A simple pill to treat COVID-19? Israeli pharmaceutical company may have potent formula as fears of variants grow


Laboratory work in the facilities of RedHill Biopharma. Photo: RedHill Biopharma

As concerns about rapidly spreading coronavirus variants continue among even highly vaccinated populations, an Israel-based pharmaceutical company is hoping its oral drug candidate will help COVID-19 patients withdraw from oxygen more quickly.

RedHill Biopharma says there are only a few weeks left to pass a watershed to show the effectiveness of its drug candidate, opaganib, in treating patients with severe respiratory symptoms caused by the coronavirus.

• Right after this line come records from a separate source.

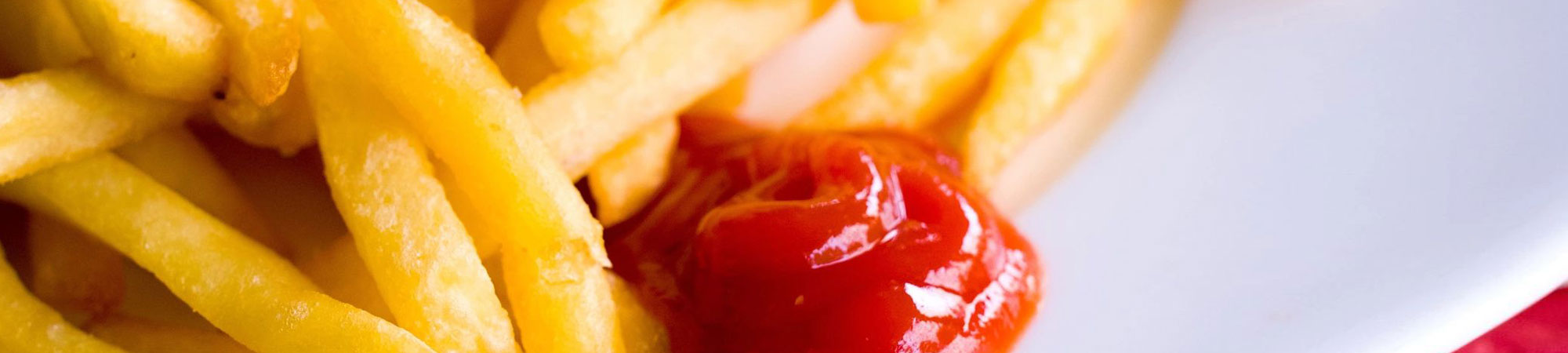 Close-up of ketchup on French fries.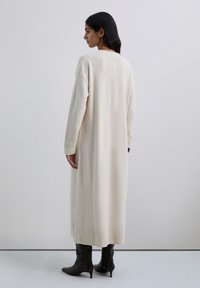 Vestido de punto color crema con una silueta larga, detalles acanalados en el dobladillo y hombros caídos. Llevado con botas negras hasta la rodilla.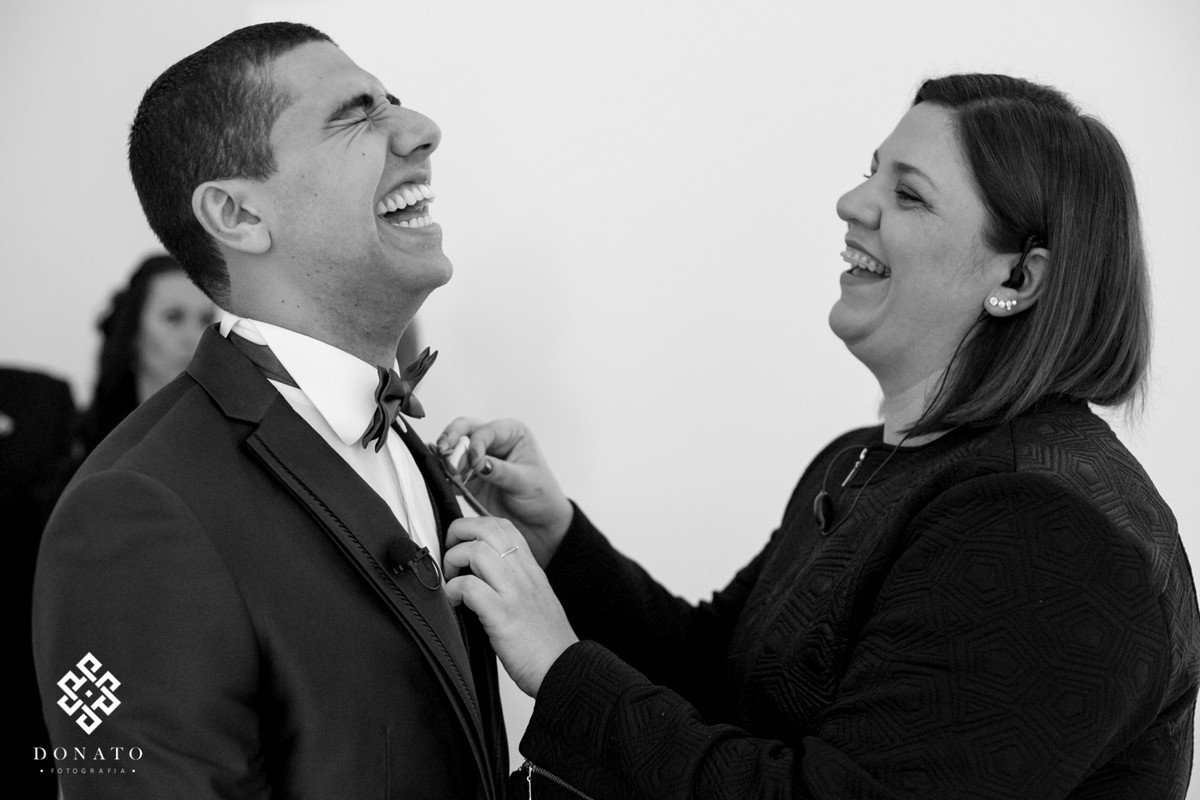 assessora arruma a gravata do noivo, ambos dão uma gargalhada muito divertida.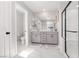 Clean, modern bathroom with dual vanities, a large mirror, and a separate shower area at 494 Mahogany Ridge St, Las Vegas, NV 89138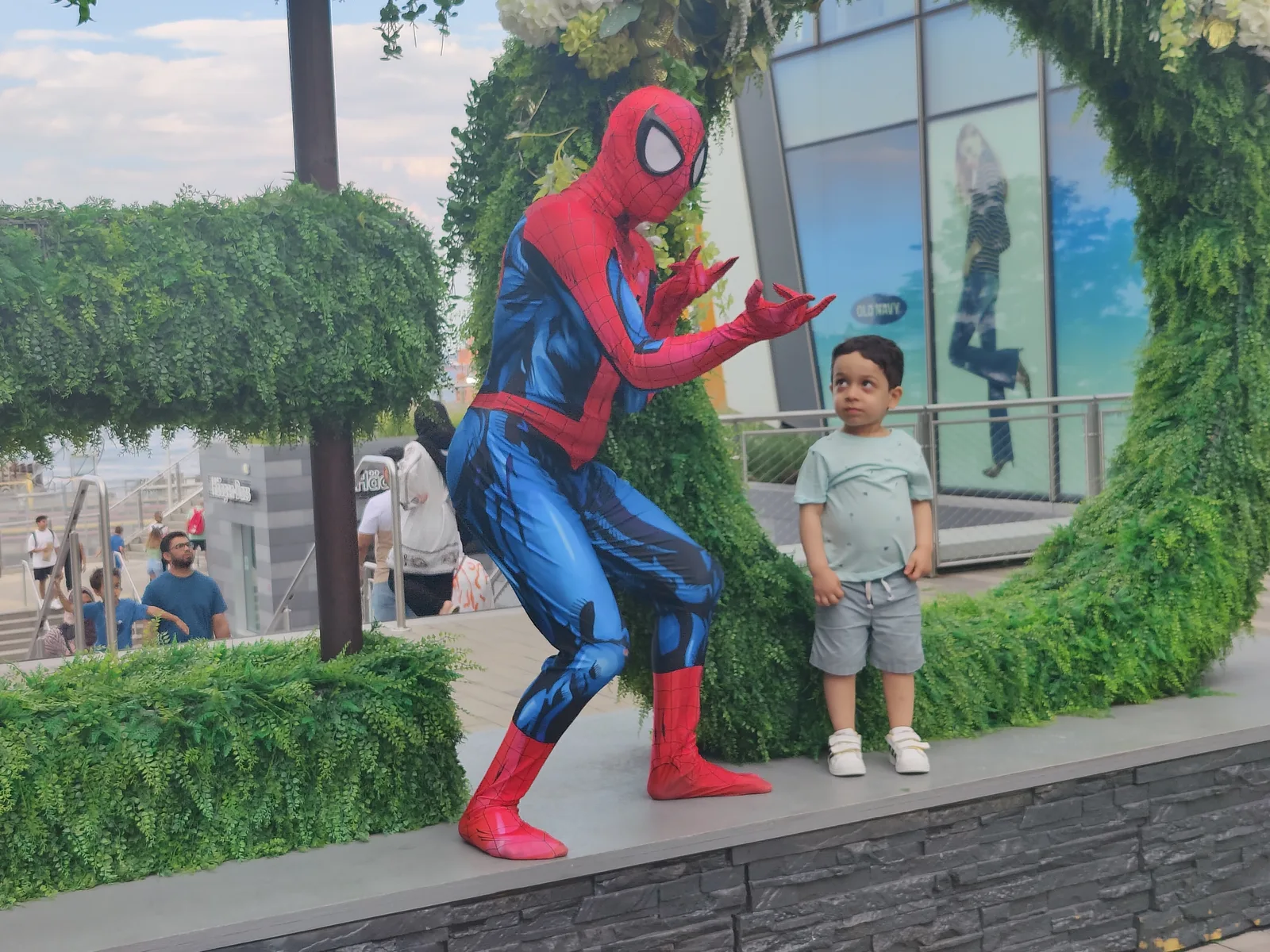 A red and blue superhero performer greeting a child outdoors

“The Delta variants are rightly scary for everyone, and more and more people are nervous about what’s going to happen. Vaccines are less and less effective than we thought because the infection rate is higher and higher, ”said Guy Goldberg, Commercial Director of RedHill Biopharma. The Algemeiner in an interview.

“It’s not just the issue of people who are not vaccinated. It’s an emerging story that threatens to bring the whole world back to square one, ”he said. “The need for therapy is as strong as it ever was during the pandemic, and there is not enough innovation. “

A chemical entity, opaganib is an inhibitor that acts on both the cause and the effect of COVID-19. It has a dual mechanism of action as it is anti-inflammatory and antiviral, which society hails as a great differentiator with other treatments.

“A lot of drugs only work on inflammation or only work on the virus. Both aspects need to be addressed because a virus can get out of hand if you only notice the symptoms, the virus will continue to do damage,” explained Goldberg. “On the other hand, if you only treat the virus, the inflammation cascade can get out of hand and you can still make a very sick patient worse even if you really have the virus under control.”

As an oral pill, the drug may be easier to prepare, administer, and dispense than injectable treatments like Gilead Science’s remdesivir.

Earlier this week, RedHill Biopharma completed the randomized, double-blind, placebo-controlled Phase 2/3 clinical trial in 475 patients with severe COVID-19 pneumonia conducted in Israel and other countries including Brazil and in Europe.

Goldberg said the company is weeks away from the results and if they are positive the treatment could be a “game changer” for more severe cases of the virus.

“Our dream is that we meet our primary endpoint, which is that patients are weaning off oxygen in a statistically significant way,” he said.

Goldberg argued that drugs like remdesivir might have more limited effectiveness when it comes to variants, which are spike protein mutations, because they primarily attack the virus specifically.

“The virus mutates, so there are changes in the virus by protein and the drug might be less effective because now the target is changed – so it could have been effective against the previous variants, but the new variants are different in their way. way of being, designed to attack the virus, ”Goldberg said.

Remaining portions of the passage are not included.